The All Blacks Sevens side won in Hamilton, defending home turf as the Black Ferns did. The Cup win gives New Zealand a 15 point lead over South Africa and France to top the World Series ladder. Also, New Zealand won in Sydney last season so all eyes will be targeting them this weekend (as usual, right?).

As always, Fiji would love to target their rivals and hand them a loss!! Fiji sit 7th on the Series ladder and have been surprise underperformers this season as reigning World Series Champs. Only once have they finished in the top half this season in three tries and patience may be thinning as the 2020 Series title fades from reach. Jerry Tuwai leads the team with both the captain’s armband and with his 126 tries in 51 events.

Kenya’s 10th place status belies their strength as a side this year. A tough 24-19 loss to England got them off on the wrong foot…which they followed with a shocking draw versus Japan….followed of course by a 36-14 thumping of South Africa. Yeah, I got nothing too. This side is a threat to win a tournament if they can find a little consistency or just ride a hot streak on a weekend like this one.

The Welsh seem destined for relegation as they have a scant four points in three tour events this season. Even Japan, a non-core side, sit ahead of the Welsh on the ladder. Will Jones is set to make his debut in the #5 jersey this weekend while Captain Luke Treharne and Ben Roach make their 38th events to lead the team. Some of that experience will be required to set the squad straight.

POOL B: France, Argentina, South Africa, Samoa

France are in a tie for second on the Series ladder with 48 points following their silver medal in Hamilton. That’s 17 clear of 2019 champs Fiji and 9 ahead of their English rivals. Les Bleus will face a stern test in this incredibly tough pool. Thibaud Massoleni is back in France after injuring his ankle while Stephen Parez makes his milestone 50th appearance in Sydney.
Argentina sit in fifth themselves on the ladder. Save a 38-7 opening match disaster against Australia, it was a great weekend for the Pumas. 40-0 winners over Samoa, 26-10 over Fiji and a 19-17 triumph over Kenya to earn 7th place. Fernando Luna makes his 50th appearance for Argentina.

South Africa’s shock loss isn’t really that much of a shock. A 21-19 defeat to England left them with short odds of making the semis and the resulting letdown allowed a very motivated Kenya team to take the spoils as I mentioned earlier. Justin Geduld will earn his 50th appearance and has 1,025 points to show for his first 49 tourneys. Expect a well-coached team like this one to bounce back strongly this weekend.

Samoa struggled in Hamilton after a 19-12 loss to Fiji and didn’t recover until beating Wales in the 15th place match, 21-7. #11 Joe Perez’s 51 tries pace the squad but defense will be the order of the week after allowing 99 points in just four matches.
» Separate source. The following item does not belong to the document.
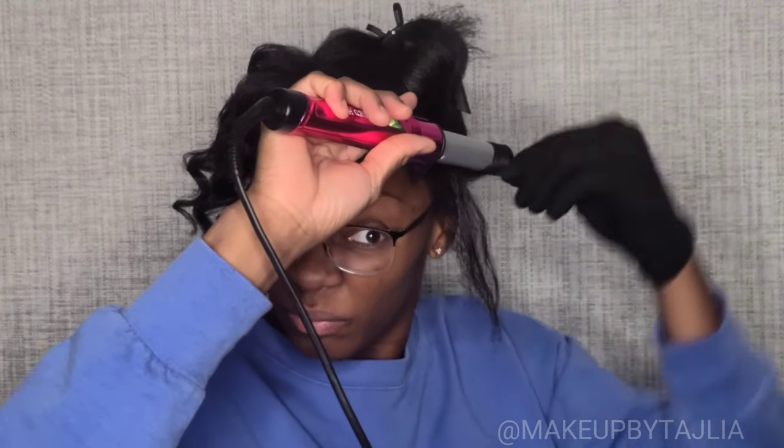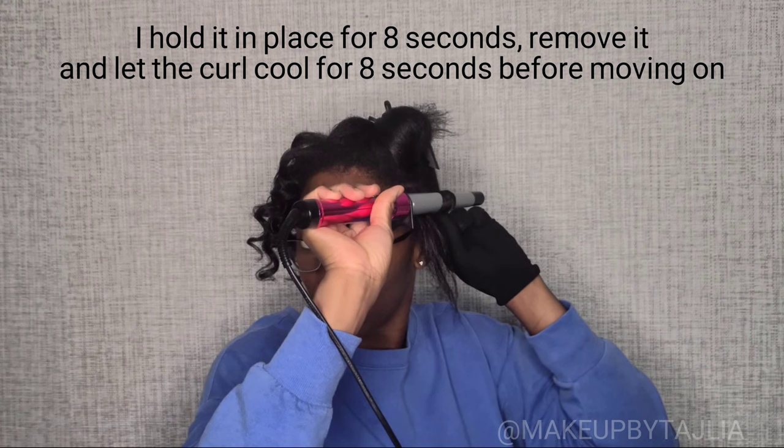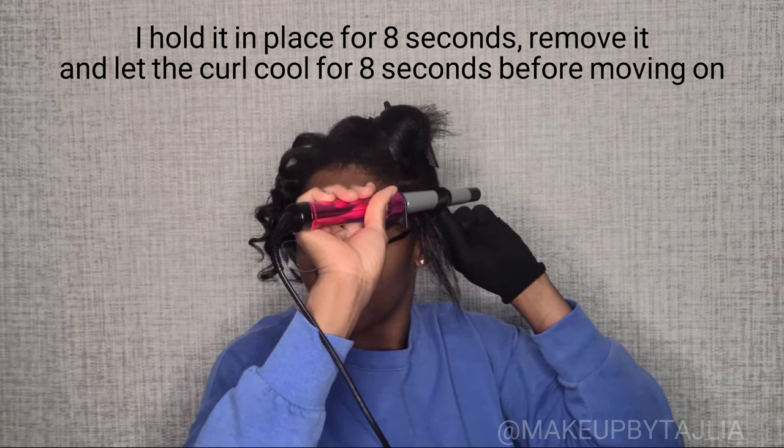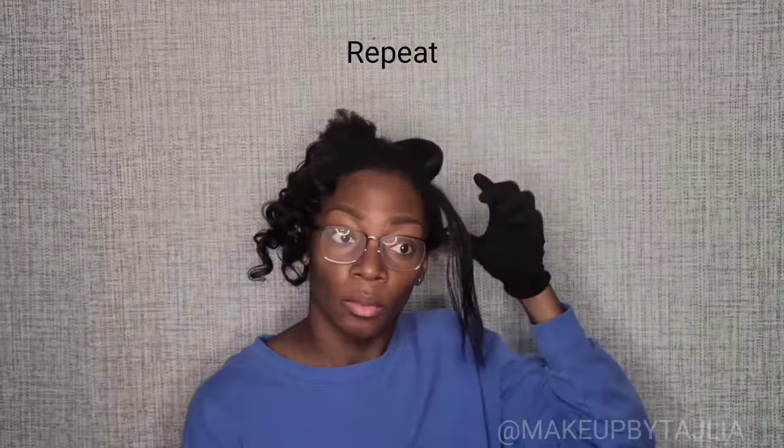We want to make sure the front and focal point of the face looks very organized. I hold the wand curl in place for eight seconds and then remove it for eight seconds, letting the curl cool so it'll maintain its shape. Make sure it's not longer than eight seconds so you can walk away with all the hair you started with — because that wand curler is hot. So we got the front done, the vision is coming together.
POOL C: Australia, USA, Scotland, Japan
Home sweet home for the Aussie 7’s in Sydney. They were bronze medalists in Hamilton, losing a 17-14 heartbreaker to the eventual champs New Zealand. The big loss is Ben O’Donnell, who is out for the year with a torn ACL. Luke Morahan will be in the #13 jersey as he puts his hand up for a shot in an Olympic year. Bristol have allowed him to join the team during the Six Nations break. Expect him to play at some stage so he can qualify for the pre-Olympic training camp.

The USA are loaded with talent but they have been put in some tough spots this season. Cape Town dealt them a pool of death with Fiji and South Africa and the new format meant a loss to the home side in New Zealand meant curtains for their Cup hopes. Ben Pinkelman takes over the captaincy with Madison Hughes sidelined as a precaution and Ben Broselle is out after a head injury check last weekend. Cody Melphy (3 events) and Marcus Tupuola (7 events) join the team as replacements.

Scotland will get another shot at the US after suffering an opening 24-7 defeat last weekend in Hamilton. An 11th place finish was achieved with a win over Ireland (24-19) but the Scots are always eyeing the Cup semis and have the tactical chops to achieve that end. Patience and team play are the hallmarks here and every match with them is a minefield.

Japan drew with a strong Kenya side and barely lost to Spain (19-15) in the 13th place match in Hamilton. With only 112 events as a 13-man side, the Japanese will gain more valuable experience in preparation for Tokyo 2020.


POOL D: England, Canada, Ireland, Spain

England had an amazing day one in Hamilton, knocking off Kenya (24-19) and South Africa (21-19). A fourth place finish was in the cards with day two losses to France (5-10) and Australia (21-33). Dan Norton and his 1,759 points are as big a threat as ever while former star player James Rodwell looks to follow up his successful head coaching debut last week with a medal in Sydney.

Canada clubbed their North American rivals 28-7 in the 5th place match in New Zealand and are only four series points behind the Americans on the ladder. The 419 combined World Series events amongst the team are the third most this weekend so that experience could be an X factor in an exciting pool.

Jordan Conroy leads the entire World Series in tries for the season with 15 and he’s as dynamic as anyone on tour. That threat is a big key for the Irish. They lost 26-21 to Canada last weekend but don’t be shocked if that table turns. Also, they’ll get a rematch with Spain who they beat 28-17 in Hamilton. They’ve split a pair of clashes this season.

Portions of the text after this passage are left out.